A Study on the Program Comprehension and Debugging Processes of Novice Programmers

Syed Ahmad Aljunid
Department of Computer Science, Faculty of Information Technology and Computer Science, Universiti Teknologi Mara, Shah Alam, Malaysia

Abdullah Mohd Zin
Center For Software Technology and Management, Faculty of Information and Science Technology, Universiti Kebangsaan Malaysia, 43600 Bangi, Malaysia

Zarina Shukur
Center For Software Technology and Management, Faculty of Information and Science Technology, Universiti Kebangsaan Malaysia, 43600 Bangi, Malaysia

ABSTRACT

This research presents an empirical study on the program comprehension and debugging processes of novice programmers. We provide empirical evidence that the increase exposure to a large number of quality code modification and adaptation in formal teaching is a viable technique for novices to learn program debugging but not for program comprehension. The empirical study is based on case studies at one of the Malaysian universities among the first-degree Information Technology programs students taking Java Programming, an elective programming course. We design a quasi-experiment with non-randomized quota sampling control group with pre-test-post-test. This experiment looks into the program comprehension and debugging constructs at the micro level. Code segments in Java programming language between 5-25 lines of codes are given for the students to try to comprehend or debug manually with pen and paper within a specific timeframe. It will form part of the normal assessment tests for the course. The pre-test involve correct code while the post-test involve both correct and (logical and run-time) bugged code. A control group of 80 students and a treated group of 24 students form the non-randomized quota samples.

PDF Abstract XML References Citation

INTRODUCTION

Generally, program understanding is the process of acquiring knowledge about computer program. Specifically, program understanding is the process of recognizing program plans and extracting design goals in the source code (Quilici et al., 1998). Understanding even a small program is a complex task that requires both knowledge and analysis. Indeed, the pattern matching algorithm between plans (represented by schemas, knowledge constraints or plan libraries) and programs (represented by the actual program, annotated abstract syntax trees or flow graphs) has been proven to be NP-hard (Woods and Yang, 1996).

In program comprehension, different research methods have been used and correspondingly diverse tools have been developed. Three main factors have been identified by Storey (2006) for the grounds of this diversity in theories, research methods and tools-the targeted programmers’ characteristics, the program characteristics and the software task. Meanwhile, debugging is the task of identifying and correcting faults in code. Once a program failure has been found we must acquire an understanding of the program so as to localize the program fault and thus identify the program failure. Thus, the twin goals of debugging are to simultaneously develop an understanding of the program and localize the fault area of the code so that adequate correction can be applied (Francel and Rugaber, 1999). However, debugging is an awesome labor-intensive and time-consuming activity. It also requires both analytical and intuitive thinking and this two disparage approaches direct how the programmers debug code (Rosenberg, 1996). It has been reported that testing, analysis and debugging consumes 50% of the cost of developing large software systems (Roongruangsuwan and Daengdej, 2010).
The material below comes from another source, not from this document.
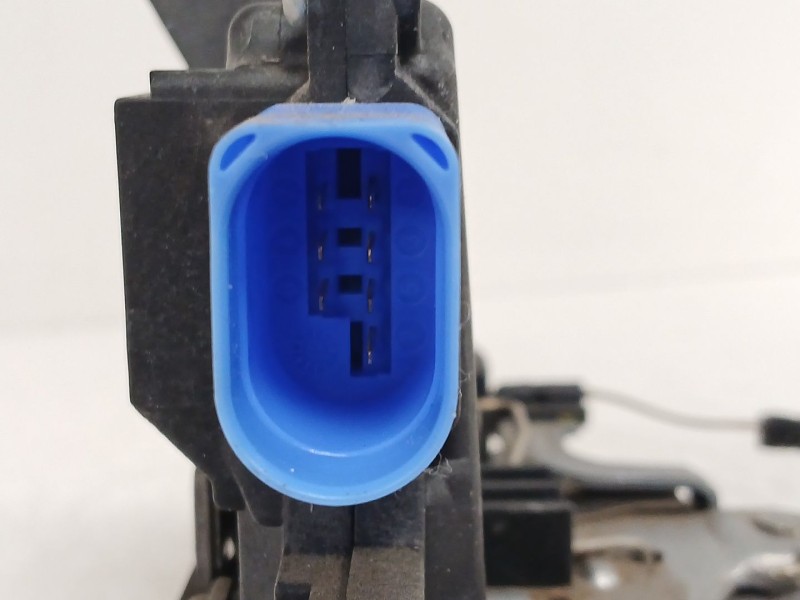 Recambio de cerradura puerta trasera izquierda para volkswagen touran (1t1, 1t2) 1.9 tdi referencia OEM IAM 7L0839015D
In this research we present an empirical study on the program comprehension and debugging processes of novice programmers. An experiment is carried out in order to investigate the possibility of supplementing their knowledge and skill of program comprehension and debugging via continuous application of appropriate programming pedagogy using lecture, lab sessions, assignments and project work. The purpose of the experiment is to improve the automated program understanding tool that we have developed (Sani et al., 2008, 2009).

The measure of comprehension and debugging will be based on the following criteria. The level of program comprehension required here is not at the physical one-statement level but at the more abstract conceptual block-level. Using Deimel and Naveda (1990) as a reference, the comprehension level referred to in this study is equivalent to the Bloom’s taxonomy application level (Level four) and not the understanding level (Level two). Thus, what is meant by comprehension is the students must be able to identify exactly what each code segment is doing or processing and not in terms of lower-level constructs such as how, what identifiers are used, what each statement does which construct or data structure is used, etc.

The general corresponding hypothesis is novices given more quality code to modify and adapt via formal teaching will perform better program comprehension and debugging. This experiment will encompass correct and bugged code segments.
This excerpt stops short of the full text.